Many other polls show the public is worried about the federal government’s ruthless policy of extracting workers, consumers, and renters from poor countries to inflate the U.S. economy and the government’s tax inflow.
For example, almost 70 percent of Americans say Americans would benefit from new curbs on migration at the southern border, according to an Economist/YouGov survey in mid-February of 1,671 citizens. The “worse off” group includes 63 percent of Republicans and 42 percent of independents, but only 15 percent of Democrats.
“We’ve got to stop calling it ‘immigration,’” Sen. Marco Rubio (R-FL) told Fox News on February 28. “It’s not immigration. This is a Mass Migration … No other country in the world would tolerate it, and we are paying the price for it right now in real-time with real American victims.”

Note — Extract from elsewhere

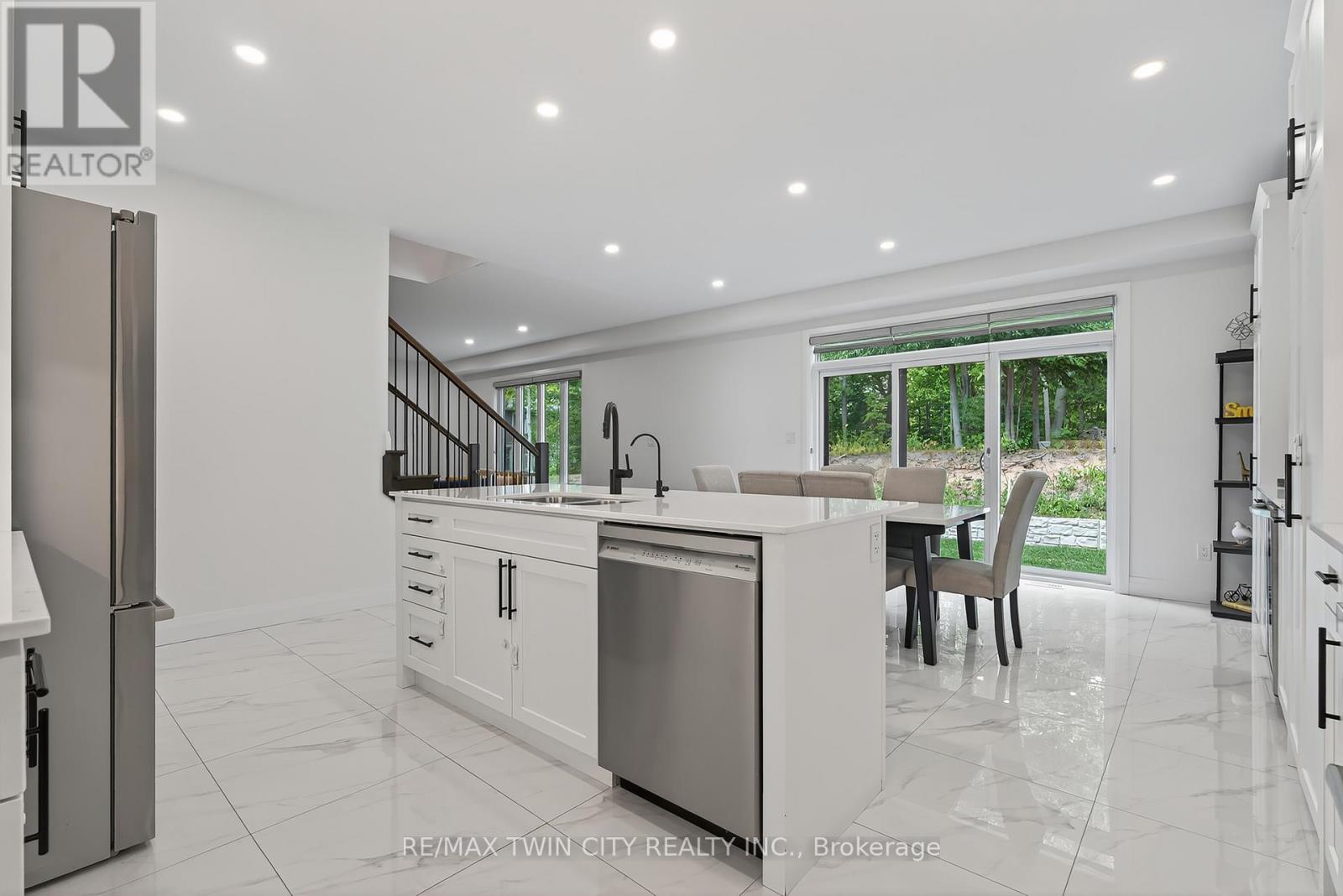 209 Jeffrey Place, Kitchener, Ontario  N2C 0C2 - Photo 7 - X12508342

The federal policy of mass migration is pushed by progressives who hate the border that protects Americans’ society from migration and also by investor groups who use the taxpayer-supported migration to spike their stock market wealth.
The pro-migration alliance of progressives and investors has a huge influence in the national media. For example, the Wall Street Journal claimed on March 7 that a new “survey finds broad support for the kind of comprehensive immigration reform that has repeatedly failed in recent years.”
But a plurality of Americans say legal and illegal migration makes the nation “worse off,” YouGov noted in a February 1 analysis:
31% of Americans say immigration generally makes the U.S. better off, while 37% say it makes the U.S. worse off. Another 18% say it doesn’t make much difference, and 14% aren’t sure.
Among Americans who say immigration generally makes the U.S. better off, only 4% name it as their most important issue. That figure is 27% for Americans who think immigration generally makes the U.S. worse off.
Democrats, college graduates, and young Americans are more likely to think of immigration in a generally positive way, while Republicans, non-college graduates, and older Americans are more likely to think of immigration negatively.
The 37 percent “worse off” is almost double the share from June 2021, when only 20 percent said immigration makes the “nation worse off.”
The “better off” number is now 31 percent, sharply down from 40 percent in June 2021.
A new report from the Congressional Budget Office reinforces the vast evidence that the federal policy of Extraction Migration shifts family wages and workplace investment toward Wall Street, real estate, coastal states, and government.
The economic policy is very unpopular, in part, because it also diverts politicians’ focus away from American communities and the “deaths of despair” among discarded Americans, such as homeless, drug addicts, and prostitutes.